Scraped caption text data
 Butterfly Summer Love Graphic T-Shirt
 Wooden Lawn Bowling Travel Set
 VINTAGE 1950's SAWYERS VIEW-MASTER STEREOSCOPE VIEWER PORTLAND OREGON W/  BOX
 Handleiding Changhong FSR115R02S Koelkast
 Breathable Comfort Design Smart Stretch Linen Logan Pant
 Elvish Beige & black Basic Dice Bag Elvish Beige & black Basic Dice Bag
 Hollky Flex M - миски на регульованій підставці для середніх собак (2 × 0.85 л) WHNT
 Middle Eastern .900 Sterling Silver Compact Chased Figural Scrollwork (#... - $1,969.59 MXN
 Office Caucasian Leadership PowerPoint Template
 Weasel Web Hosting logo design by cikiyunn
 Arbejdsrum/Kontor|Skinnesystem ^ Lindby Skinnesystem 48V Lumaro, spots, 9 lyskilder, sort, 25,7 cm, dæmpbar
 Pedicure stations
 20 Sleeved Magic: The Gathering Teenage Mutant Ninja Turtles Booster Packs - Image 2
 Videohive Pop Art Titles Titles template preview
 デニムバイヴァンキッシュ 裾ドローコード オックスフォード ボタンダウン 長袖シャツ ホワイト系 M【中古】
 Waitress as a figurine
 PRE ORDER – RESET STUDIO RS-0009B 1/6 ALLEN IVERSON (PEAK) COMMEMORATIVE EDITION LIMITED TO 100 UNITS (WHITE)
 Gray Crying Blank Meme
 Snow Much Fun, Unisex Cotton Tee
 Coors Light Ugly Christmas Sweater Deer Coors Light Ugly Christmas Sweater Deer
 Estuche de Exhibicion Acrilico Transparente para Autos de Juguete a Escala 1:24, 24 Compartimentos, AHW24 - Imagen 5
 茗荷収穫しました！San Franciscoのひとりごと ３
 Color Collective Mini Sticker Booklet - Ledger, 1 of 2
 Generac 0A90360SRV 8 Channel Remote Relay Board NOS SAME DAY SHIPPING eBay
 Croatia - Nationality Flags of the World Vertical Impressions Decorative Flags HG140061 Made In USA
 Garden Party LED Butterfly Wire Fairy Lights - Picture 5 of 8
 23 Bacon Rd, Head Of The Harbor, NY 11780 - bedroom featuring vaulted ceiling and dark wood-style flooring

* WORK INSTRUCTIONS
Among the entries above, count the lines that contain the word "Butterfly" and give the number by itself.

* RESULT OF THIS TASK
2